Но Маркс все же, как я об этом говорил, был кабинетным ученым, и революция представлялась ему не в живых образах очевидцев, а в виде беллетризированного опыта, выявленного журналистами, учеными и писателями. Всю жизнь протестовавший против класса собственников, к которому сам принадлежал, он хотел бы, чтобы грядущая революция свершилась в «пристойных», «цивилизованных» формах и не затрагивала образа жизни людей с такими, как у него, недорогими привычками, занятиями, склонностями. Если бы ему удалось хоть краем глаза увидеть черный огонь нашей революции и гражданской войны! Революция из-за столика в круглом читальном зале Британского музея видится по-другому, нежели из очереди за хлебом, зимой, в городе, лишенном дров, угля, воды. По Марксу, российский пролетарий должен был ждать еще сотню лет, прежде чем после буржуазной революции общество «оказалось бы беременным» новой революцией, способной дать власть пролетариату. И ни-ни, не переходить границу, ждать, как послушный гимназист. Собственно, об этом мы и спорили с меньшевиками. Они, верные холопы буквы, считали, что социал-демократы должны помочь буржуазии совершить революцию. А дальше начинается новая, буржуазная республика, и социал-демократы ни в коем случае не должны входить в правительство, безамбициозно отдать власть буржуазии, но стать оппонентами, так сказать, лояльной «оппозицией Их Величества Богатых». И это только потому, что у дедушки Маркса, согласно вполне справедливой для его времени теории, согласно его классической кабинетной математике, после полуфеодальной власти царизма должно наступить царство либеральной буржуазии. И здесь можно задать только один вопрос: пробел в Марксовой теории возник из-за классового инстинкта создателя или классовый осторожный инстинкт стоял у колыбели новой теории? Невежды и недруги говорят, что, подправляя Маркса, я придумал «теорию империализма» и вытекающую из неоднородного развития стран в эпоху империализма возможность победы революции в одной из этих стран, а не глобальную, как у Маркса, революцию, так сказать, революцию во вселенском масштабе. «Скучна теория, но вечно зелено дерево жизни».

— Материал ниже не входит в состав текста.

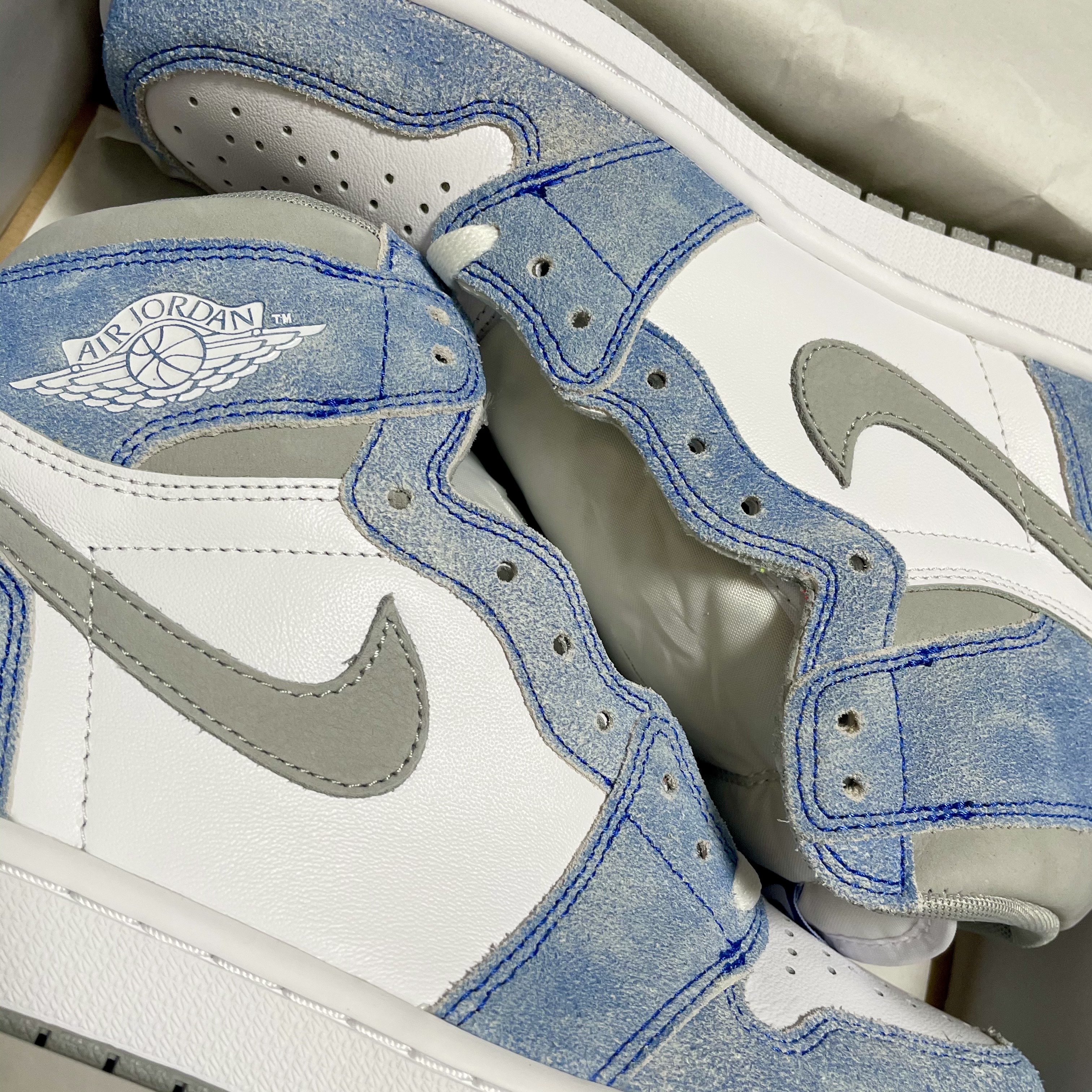 Jordan 1 Retro High OG Hyper Royal 착용 스타일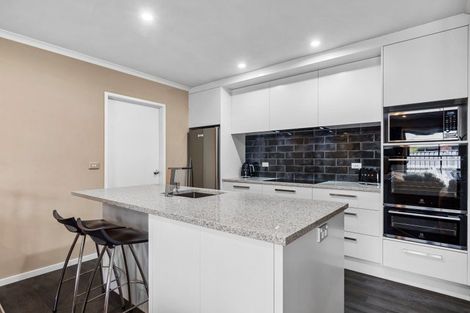 Photo of property in 11 Lewis Way, Poraiti, Napier, 4112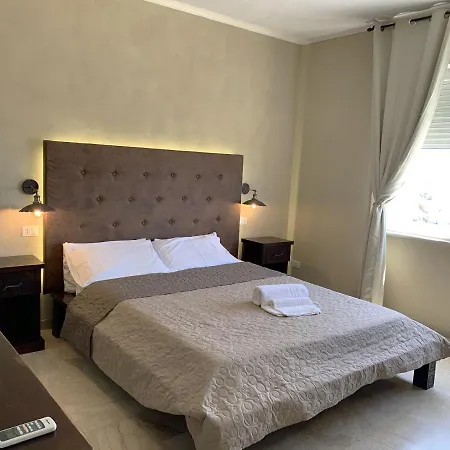 L'attico Di Piazza Mazzini Frühstückspension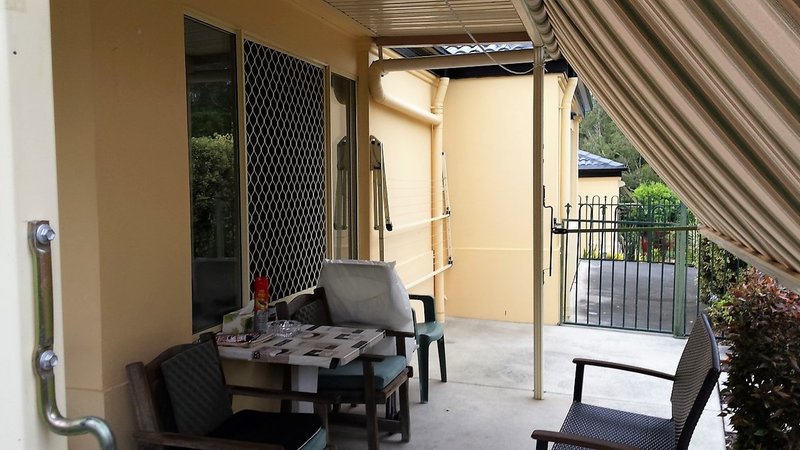 Photo - 19/40-44 Helensvale Road, Helensvale QLD 4212 - Image 12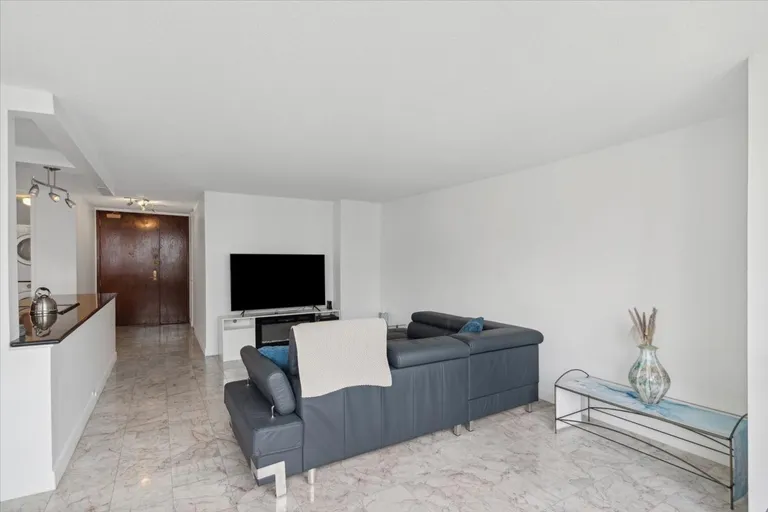 New York City Real Estate | View 360 E Randolph, 3105 | room 9 | View 10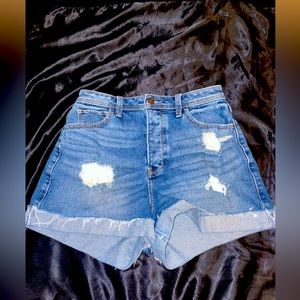 HOLLISTER CURVY ULTRA HIGH RISE MOM SHORT 3” Size 7 Waist 28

Расхождение с Марксом в одном — в страстном желании увидеть революцию не через сто лет, а по возможности поторопить ее, увидеть в действии, увидеть ее локомотив на ходу, когда он несется по рельсам, в облаке пара и свисте ветра. Здесь, скорее всего, у нас разница не во взгляде на историю и диалектику с ее мощнейшим оружием — марксизмом, а в географии рождения и в национальных привычках. Хорошо помню, что в эмиграции, заполняя какие-то необходимые бумаги для получения входного билета в публичную читальню в Женеве, я написал: «Русский Дворянин». Положение русского, сам воздух России, пропитанный непрекращающимся произволом и крестьянским страданием, в контрасте с чистенькой и дисциплинированной Европой диктовали какое-то другое отношение к революции и освобождению народа. Мои позднейшие слова о России — тюрьме народов — были справедливы. Россия последней на континенте освободила от крепостной зависимости крестьян, и сам дух недавнего рабства, пропитавший историю России на много десятилетий вперед, заставлял действовать и давал другой, нежели на Западе, эффект.